------ ENTRIES SUPPLIED ------

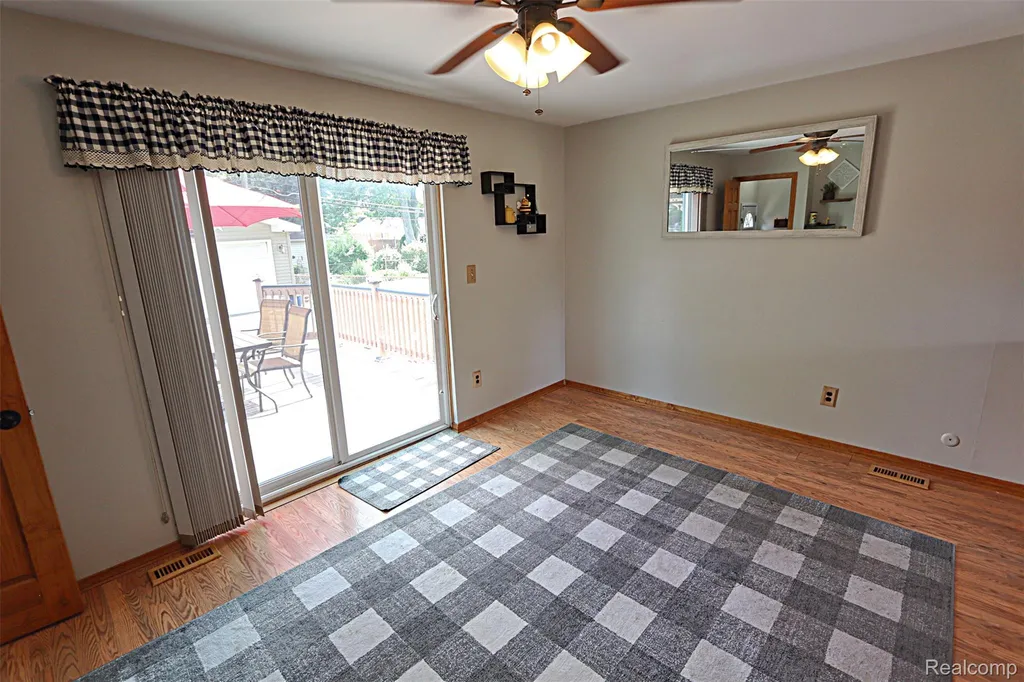 32125 Oakley Street Livonia City MI 48154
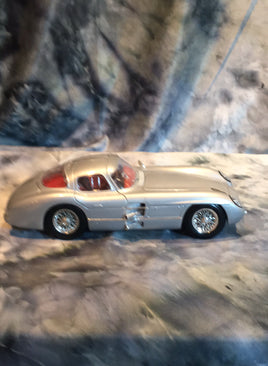 Mercedes-Benz 300SLR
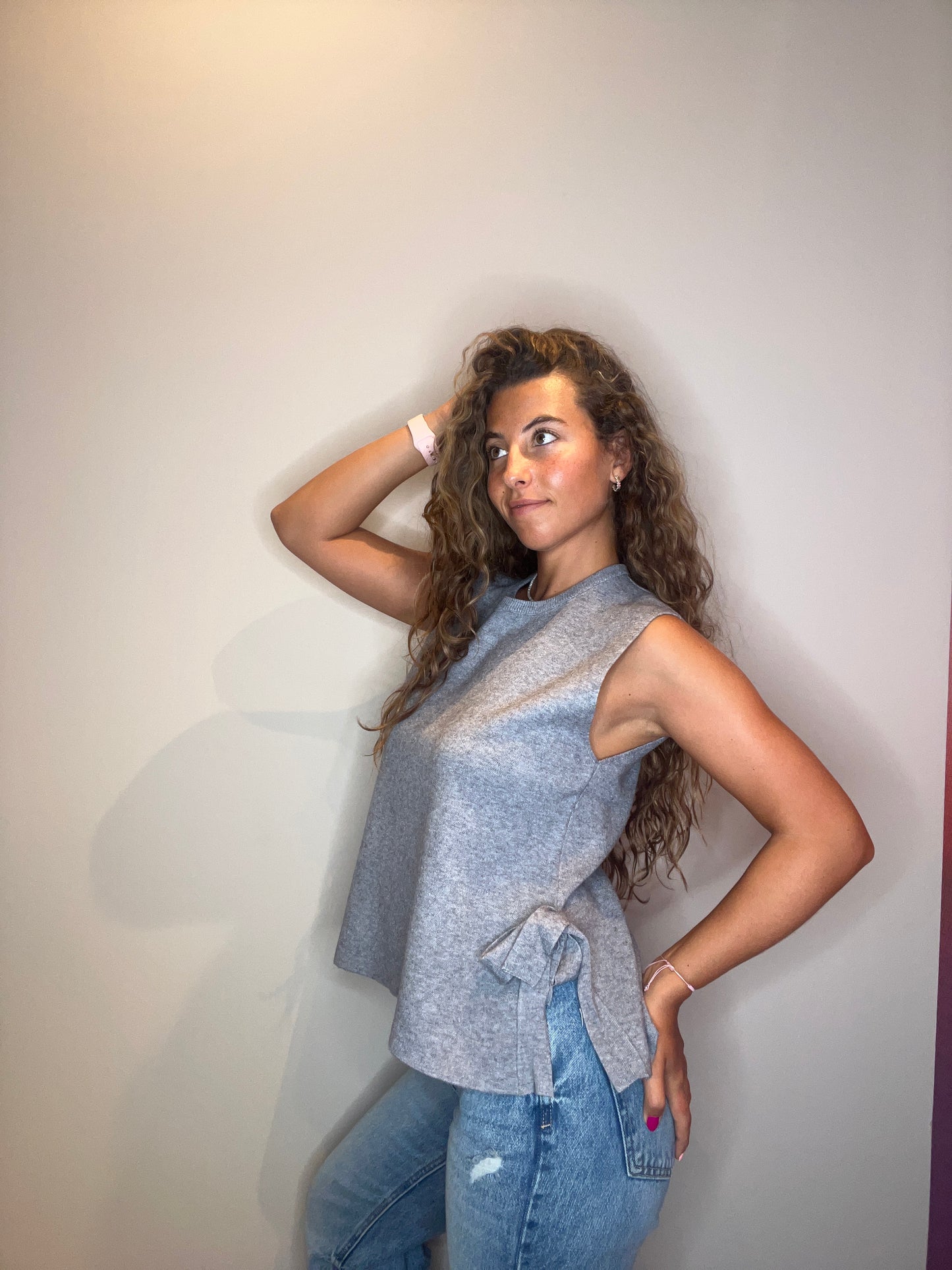 Basic Sleeveless Blouse (gris)
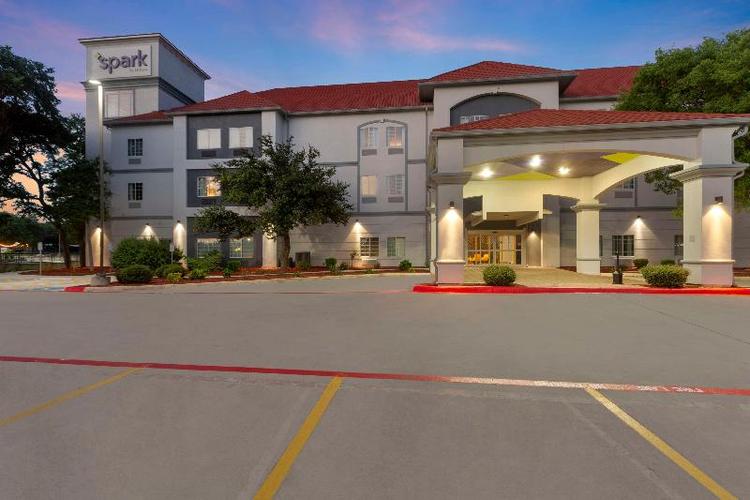 Spark by Hilton San Antonio Dominion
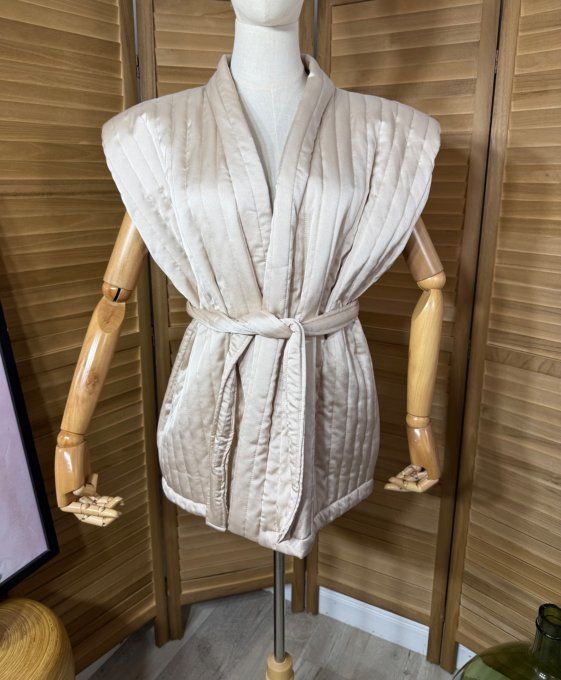 Veste courte sans manches matelassée satinée beige + ceinture du 36 au 50 et même +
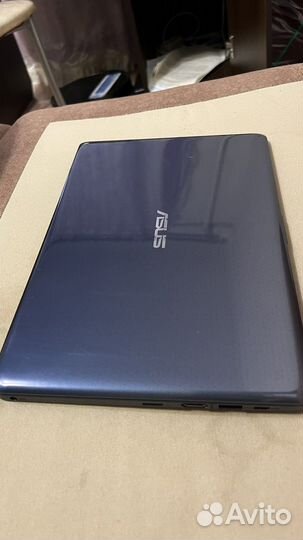 Ноутбук asus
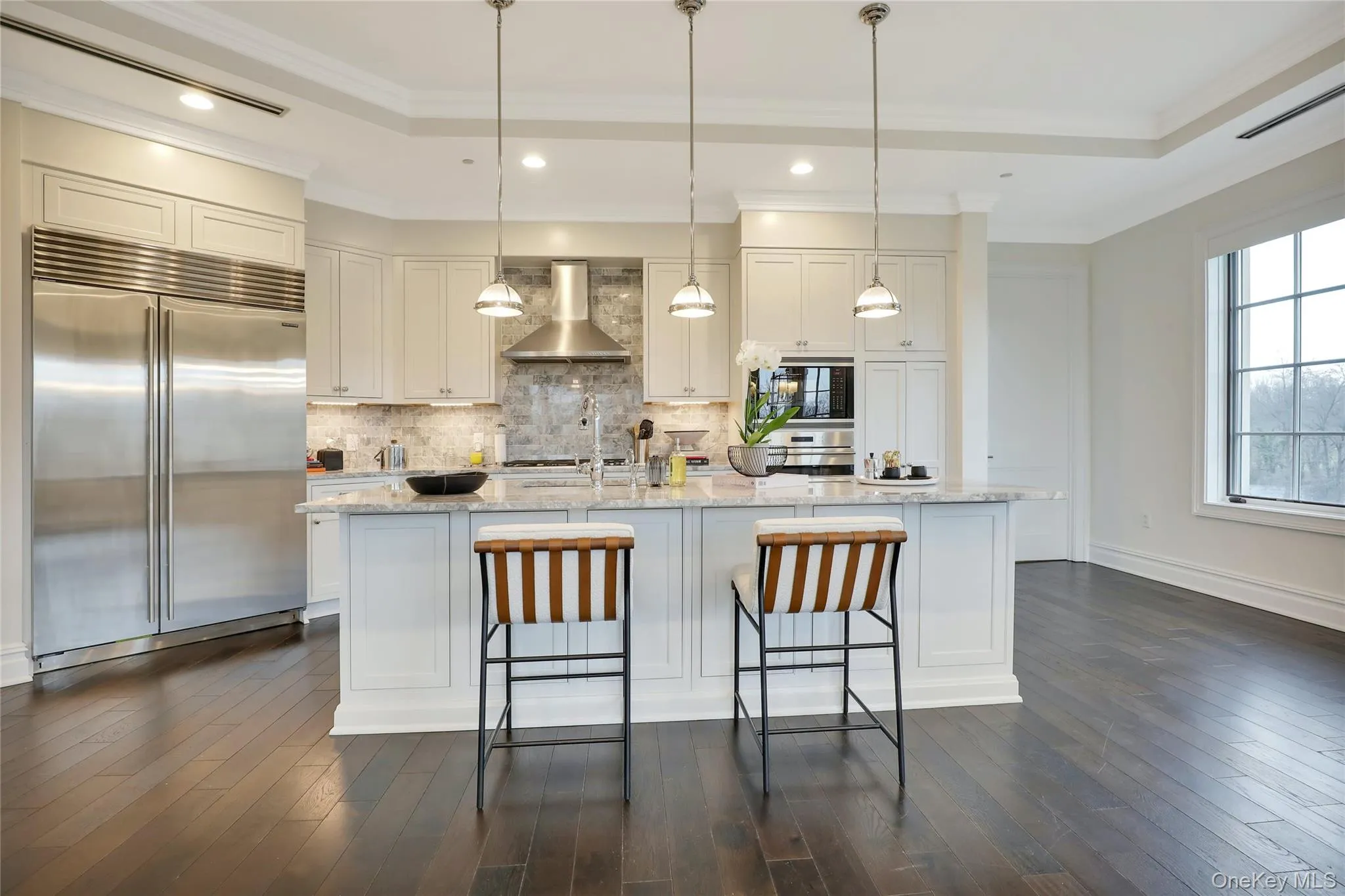 1000 Royal Court, North Hempstead, NY, 2 Bedrooms Bedrooms, 6 Rooms Rooms,2 BathroomsBathrooms,Residential Lease,For Rent,Royal,0,1063266 1000 Royal Court, North Hempstead, NY, 2 Bedrooms Bedrooms, 6 Rooms Rooms,2 BathroomsBathrooms,Residential Lease,For Rent,Royal,0,1063266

------

## BRIEF
Reproduce the entries above exactly, though not their pictures.

## EXERCISE RESPONSE
 32125 Oakley Street Livonia City MI 48154
 Mercedes-Benz 300SLR
 Basic Sleeveless Blouse (gris)
 Spark by Hilton San Antonio Dominion
 Veste courte sans manches matelassée satinée beige + ceinture du 36 au 50 et même +
 Ноутбук asus
 1000 Royal Court, North Hempstead, NY, 2 Bedrooms Bedrooms, 6 Rooms Rooms,2 BathroomsBathrooms,Residential Lease,For Rent,Royal,0,1063266 1000 Royal Court, North Hempstead, NY, 2 Bedrooms Bedrooms, 6 Rooms Rooms,2 BathroomsBathrooms,Residential Lease,For Rent,Royal,0,1063266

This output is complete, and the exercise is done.